Pero el 7 de septiembre Ana Bolena dio a luz a una niña sana y fuerte, a la que, en honor de su abuela paterna, a la que Enrique había estado muy unido, llamaron Isabel.
A
Isabel pasó muchas, muchísimas noches de su infancia en Hatfield sin dormir, luchando contra una pregunta que jamás se atrevió a confesar a nadie: ¿había sido ella la responsable del funesto final de su madre? ¿Habrían sido las cosas diferentes para Ana si hubiera alumbrado a un varón?
En un primer momento, tras la decepción inicial, Enrique aseguró a quien quisiera escucharlo que estaba feliz con Isabel, sana y hermosa, con su mismo color de pelo rojizo y brillante. Además, Ana era joven y fuerte. Se amaban, proclamó. Tendrían más hijos.
Pero desde la perspectiva de sus diecinueve años, Isabel podía imaginar la desazón que, bajo su fingida seguridad, debió de corroer a Ana, esa madre añorada de la que no podía hablar en público, por quien no podía preguntar más que en susurros y a la que, por más que se esforzara, no conseguía recordar. Había sido una mujer inteligente y perspicaz, y sin duda comprendió que, al resistirse a acatar los deseos de Enrique, había cambiado las reglas del juego: hasta ese momento a nadie se le habría pasado por la cabeza que existiera otra opción que el sometimiento. Con su negativa doblegó la voluntad real e impuso sus propias condiciones, y, llevado por el deseo, el rey Enrique había roto con Catalina, también con la Iglesia católica… pero ella debía ofrecer algo a cambio además de su cuerpo: un varón, un heredero.
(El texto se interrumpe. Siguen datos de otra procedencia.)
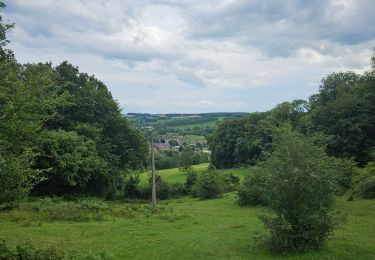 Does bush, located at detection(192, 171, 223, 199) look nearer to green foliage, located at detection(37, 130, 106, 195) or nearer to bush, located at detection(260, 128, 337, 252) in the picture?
green foliage, located at detection(37, 130, 106, 195)

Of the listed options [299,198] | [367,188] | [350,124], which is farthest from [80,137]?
[350,124]

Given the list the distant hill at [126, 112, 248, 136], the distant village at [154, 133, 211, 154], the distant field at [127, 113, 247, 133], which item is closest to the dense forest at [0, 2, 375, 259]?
the distant village at [154, 133, 211, 154]

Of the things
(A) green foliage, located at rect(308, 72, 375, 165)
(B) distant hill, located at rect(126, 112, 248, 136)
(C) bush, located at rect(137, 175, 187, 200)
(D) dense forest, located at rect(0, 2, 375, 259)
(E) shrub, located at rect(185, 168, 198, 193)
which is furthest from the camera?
(B) distant hill, located at rect(126, 112, 248, 136)

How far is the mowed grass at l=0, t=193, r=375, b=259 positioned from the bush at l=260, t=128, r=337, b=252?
0.76 metres

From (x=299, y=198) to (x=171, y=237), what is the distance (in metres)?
7.63

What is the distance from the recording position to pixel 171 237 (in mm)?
22891

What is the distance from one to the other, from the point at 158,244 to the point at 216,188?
36.6m

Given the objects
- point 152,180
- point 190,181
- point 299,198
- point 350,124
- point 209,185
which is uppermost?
point 350,124

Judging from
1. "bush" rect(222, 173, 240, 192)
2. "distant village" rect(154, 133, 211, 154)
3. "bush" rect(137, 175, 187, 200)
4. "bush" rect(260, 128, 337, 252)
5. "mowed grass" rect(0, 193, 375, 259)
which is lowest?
"bush" rect(137, 175, 187, 200)

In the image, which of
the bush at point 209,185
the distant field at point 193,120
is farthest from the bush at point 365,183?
the distant field at point 193,120

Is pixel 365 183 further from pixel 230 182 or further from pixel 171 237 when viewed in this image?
pixel 230 182

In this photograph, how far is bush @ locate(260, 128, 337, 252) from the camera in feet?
60.8

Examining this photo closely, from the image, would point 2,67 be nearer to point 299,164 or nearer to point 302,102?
point 299,164

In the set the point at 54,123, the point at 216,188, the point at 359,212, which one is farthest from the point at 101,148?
the point at 359,212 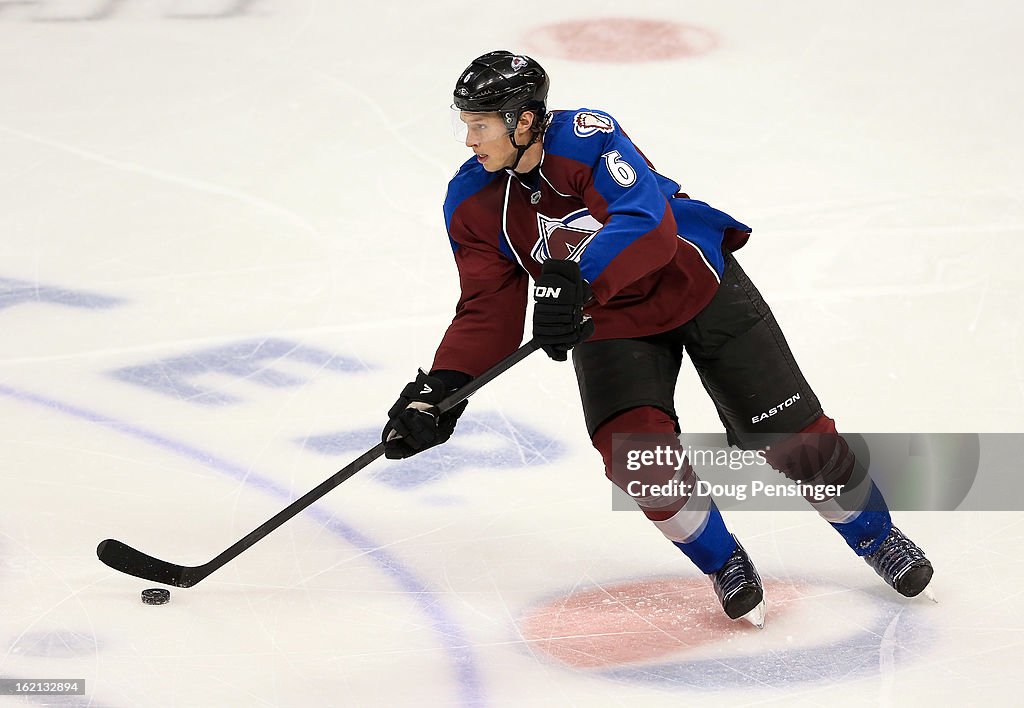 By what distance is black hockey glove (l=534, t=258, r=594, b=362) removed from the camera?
258cm

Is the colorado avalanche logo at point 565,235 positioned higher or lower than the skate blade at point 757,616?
higher

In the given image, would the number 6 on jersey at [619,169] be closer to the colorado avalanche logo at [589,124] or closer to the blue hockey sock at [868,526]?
the colorado avalanche logo at [589,124]

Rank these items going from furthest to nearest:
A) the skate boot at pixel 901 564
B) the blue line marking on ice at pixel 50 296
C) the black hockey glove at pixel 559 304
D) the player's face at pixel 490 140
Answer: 1. the blue line marking on ice at pixel 50 296
2. the skate boot at pixel 901 564
3. the player's face at pixel 490 140
4. the black hockey glove at pixel 559 304

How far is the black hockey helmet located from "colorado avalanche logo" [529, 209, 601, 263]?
0.20m

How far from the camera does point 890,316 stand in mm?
4316

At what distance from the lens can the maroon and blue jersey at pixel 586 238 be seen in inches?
105

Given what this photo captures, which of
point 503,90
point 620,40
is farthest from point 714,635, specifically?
point 620,40

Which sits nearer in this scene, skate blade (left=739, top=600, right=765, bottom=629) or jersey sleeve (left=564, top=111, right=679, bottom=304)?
jersey sleeve (left=564, top=111, right=679, bottom=304)

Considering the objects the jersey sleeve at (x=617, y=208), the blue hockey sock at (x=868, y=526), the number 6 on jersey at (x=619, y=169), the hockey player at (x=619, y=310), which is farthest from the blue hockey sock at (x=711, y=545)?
the number 6 on jersey at (x=619, y=169)

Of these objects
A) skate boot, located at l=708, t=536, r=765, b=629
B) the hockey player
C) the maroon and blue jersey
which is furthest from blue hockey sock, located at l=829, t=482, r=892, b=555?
the maroon and blue jersey

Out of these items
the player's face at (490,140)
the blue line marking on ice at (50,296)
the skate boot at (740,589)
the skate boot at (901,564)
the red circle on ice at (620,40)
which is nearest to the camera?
the player's face at (490,140)

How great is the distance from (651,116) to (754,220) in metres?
0.83

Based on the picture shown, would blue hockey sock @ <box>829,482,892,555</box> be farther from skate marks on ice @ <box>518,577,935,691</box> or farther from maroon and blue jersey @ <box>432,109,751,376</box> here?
maroon and blue jersey @ <box>432,109,751,376</box>

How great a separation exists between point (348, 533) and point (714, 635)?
94 cm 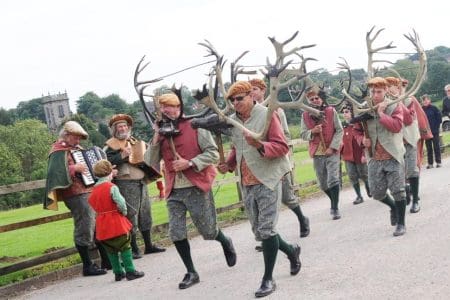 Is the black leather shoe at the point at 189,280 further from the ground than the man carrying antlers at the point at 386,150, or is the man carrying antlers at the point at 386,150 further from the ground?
the man carrying antlers at the point at 386,150

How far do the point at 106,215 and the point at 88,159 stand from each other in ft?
3.65

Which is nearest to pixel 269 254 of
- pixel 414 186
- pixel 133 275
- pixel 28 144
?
pixel 133 275

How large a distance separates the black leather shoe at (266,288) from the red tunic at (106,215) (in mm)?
2237

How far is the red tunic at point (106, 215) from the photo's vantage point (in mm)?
7473

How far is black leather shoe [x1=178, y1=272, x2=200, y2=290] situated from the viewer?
6684 millimetres

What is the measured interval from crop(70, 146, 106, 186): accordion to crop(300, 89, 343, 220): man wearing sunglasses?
3.39 m

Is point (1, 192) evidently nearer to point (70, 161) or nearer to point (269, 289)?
point (70, 161)

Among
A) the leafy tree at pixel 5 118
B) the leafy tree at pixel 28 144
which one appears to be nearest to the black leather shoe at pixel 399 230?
the leafy tree at pixel 28 144

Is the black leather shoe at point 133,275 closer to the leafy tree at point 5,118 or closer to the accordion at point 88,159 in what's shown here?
the accordion at point 88,159

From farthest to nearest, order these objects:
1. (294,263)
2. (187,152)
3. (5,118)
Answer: (5,118) → (187,152) → (294,263)

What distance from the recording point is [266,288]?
585 cm

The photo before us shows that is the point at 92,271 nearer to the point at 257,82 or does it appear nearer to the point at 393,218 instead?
the point at 257,82

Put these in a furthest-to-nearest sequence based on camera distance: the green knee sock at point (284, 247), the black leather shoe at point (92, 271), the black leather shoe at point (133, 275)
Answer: the black leather shoe at point (92, 271) → the black leather shoe at point (133, 275) → the green knee sock at point (284, 247)

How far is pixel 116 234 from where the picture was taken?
7457mm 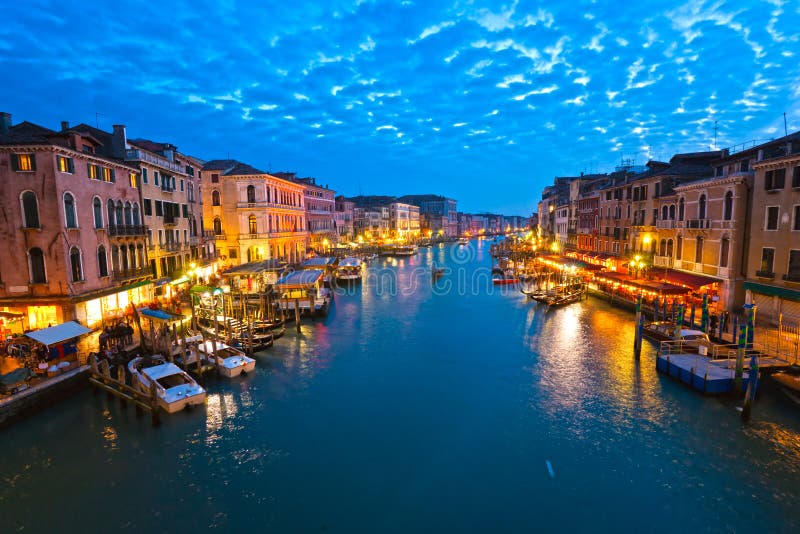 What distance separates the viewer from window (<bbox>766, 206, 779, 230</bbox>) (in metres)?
24.4

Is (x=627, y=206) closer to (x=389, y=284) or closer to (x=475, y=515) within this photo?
(x=389, y=284)

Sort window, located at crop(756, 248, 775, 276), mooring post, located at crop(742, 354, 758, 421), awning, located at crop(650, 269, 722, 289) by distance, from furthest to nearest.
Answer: awning, located at crop(650, 269, 722, 289) < window, located at crop(756, 248, 775, 276) < mooring post, located at crop(742, 354, 758, 421)

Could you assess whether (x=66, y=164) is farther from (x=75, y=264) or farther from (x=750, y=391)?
(x=750, y=391)

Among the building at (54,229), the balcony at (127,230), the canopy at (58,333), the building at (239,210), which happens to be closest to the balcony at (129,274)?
the building at (54,229)

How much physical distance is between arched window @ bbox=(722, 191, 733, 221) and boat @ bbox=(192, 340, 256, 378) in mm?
32501

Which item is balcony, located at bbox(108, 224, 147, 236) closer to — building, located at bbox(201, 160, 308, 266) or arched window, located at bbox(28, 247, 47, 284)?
arched window, located at bbox(28, 247, 47, 284)

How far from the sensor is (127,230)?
26344 millimetres

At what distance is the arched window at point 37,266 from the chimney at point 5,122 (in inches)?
289

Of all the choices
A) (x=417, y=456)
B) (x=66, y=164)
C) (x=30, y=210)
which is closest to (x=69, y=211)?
(x=30, y=210)

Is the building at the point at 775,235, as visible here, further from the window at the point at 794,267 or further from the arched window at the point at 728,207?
the arched window at the point at 728,207

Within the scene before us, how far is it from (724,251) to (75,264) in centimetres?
4063

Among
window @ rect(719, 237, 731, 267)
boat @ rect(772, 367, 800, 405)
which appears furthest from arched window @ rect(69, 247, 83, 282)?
window @ rect(719, 237, 731, 267)

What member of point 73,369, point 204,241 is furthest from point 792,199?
point 204,241

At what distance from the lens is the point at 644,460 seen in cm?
1468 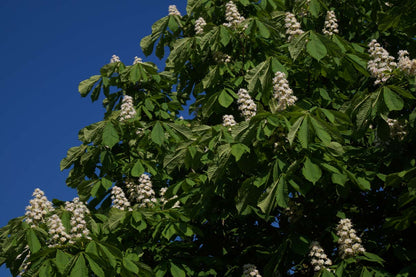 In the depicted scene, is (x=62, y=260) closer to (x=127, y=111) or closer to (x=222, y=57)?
(x=127, y=111)

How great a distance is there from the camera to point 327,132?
182 inches

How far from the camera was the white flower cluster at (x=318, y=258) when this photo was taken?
4.86 meters

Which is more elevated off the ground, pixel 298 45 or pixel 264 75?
pixel 298 45

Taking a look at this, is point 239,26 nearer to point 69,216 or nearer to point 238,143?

Porque para ese entonces, pensaba Isabel, era imposible que su madre no se hubiera percatado de la crueldad de Enrique. Si había sido capaz de desprenderse sin pena alguna de Catalina —la había exiliado al condado de Huntingdon— y de despojar de todo privilegio y de su título de princesa a su hija María, ¿qué no haría con ella y con su hijita si no conseguía complacerlo? Tampoco podía ignorar la hostilidad de la corte hacia ella. Era un odio invisible pero denso y afilado, opresivo. Había sido alentado sin pensar por el propio Enrique, empeñado en celebrar el 10 de septiembre, en Greenwich, un ostentoso bautizo para Isabel al que obligó a asistir a toda la nobleza.
Se trataba de un acto de reafirmación: quería que todos mostraran su sumisión ante él y su nueva heredera. Para mayor humillación, Ana había querido que Catalina regalara a la recién nacida la «mantilla muy rica y triunfal» traída de España años atrás para bautizar a María, el rey prefirió evitar esta humillación a su primera esposa, aunque su hija María tuvo que asistir a la ceremonia. ¿Cómo debió de sentirse su hermana, educada como la heredera al trono y ahora despojada de todos sus derechos por culpa de esa niñita pelirroja que entró en la iglesia de Greenwich bajo un palio portado por cuatro lores, envuelta en un ostentoso manto de terciopelo púrpura forrado de armiño?